* EXERCISE PROMPT: The lines to copy run from the one containing "3118 Roosevelt Avenue - 3118" to the very end of the records; give them exactly, and only them, without pictures.

* SUPPLIED RECORDS:
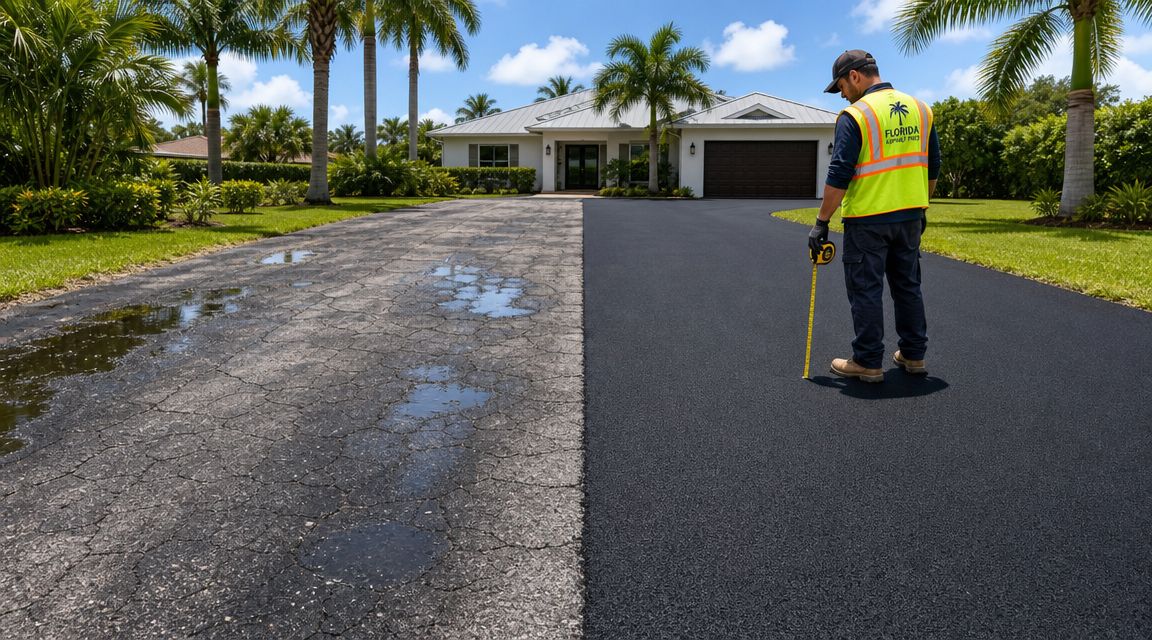 Driveway Repair Near Me: Expert Florida Fixes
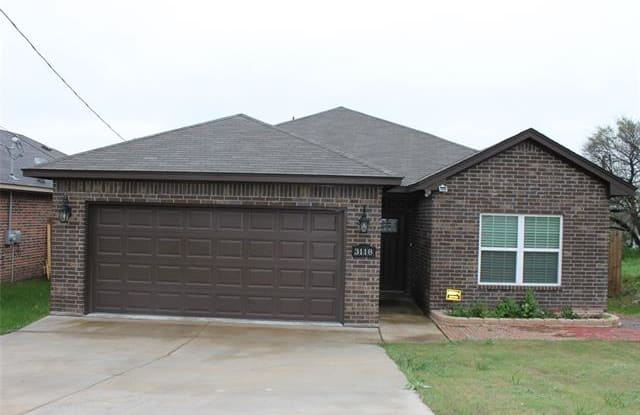 3118 Roosevelt Avenue - 3118 Roosevelt Avenue, Fort Worth, TX 76106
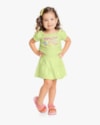 Conjunto Infantil Feminino com Estampa Sorvete - Kely Kety - Matcha-e3c81c64-e189-4a12-8b86-7d84783f5981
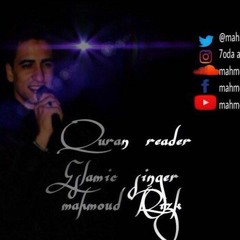 (لغة الكلام للمنشد (محمود محمد عبد الحميد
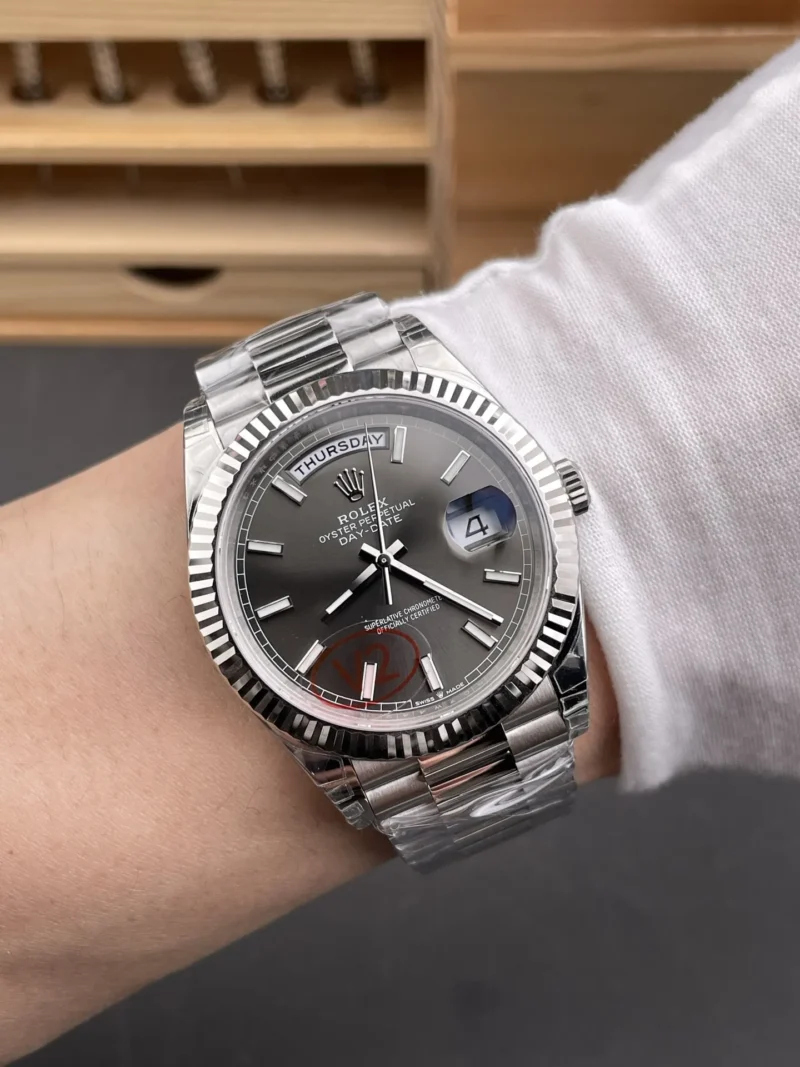 Rolex Day-Date Grey 40mm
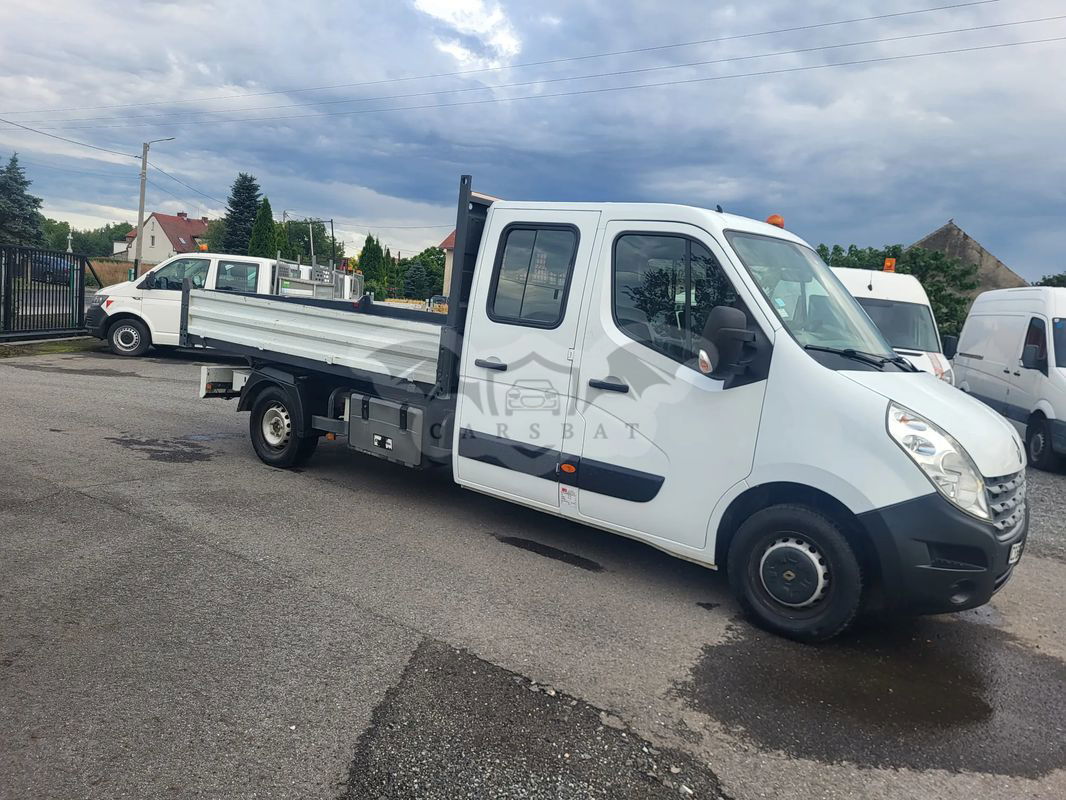 Renault Master 2013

* TASK RESPONSE:
 3118 Roosevelt Avenue - 3118 Roosevelt Avenue, Fort Worth, TX 76106
 Conjunto Infantil Feminino com Estampa Sorvete - Kely Kety - Matcha-e3c81c64-e189-4a12-8b86-7d84783f5981
 (لغة الكلام للمنشد (محمود محمد عبد الحميد
 Rolex Day-Date Grey 40mm
 Renault Master 2013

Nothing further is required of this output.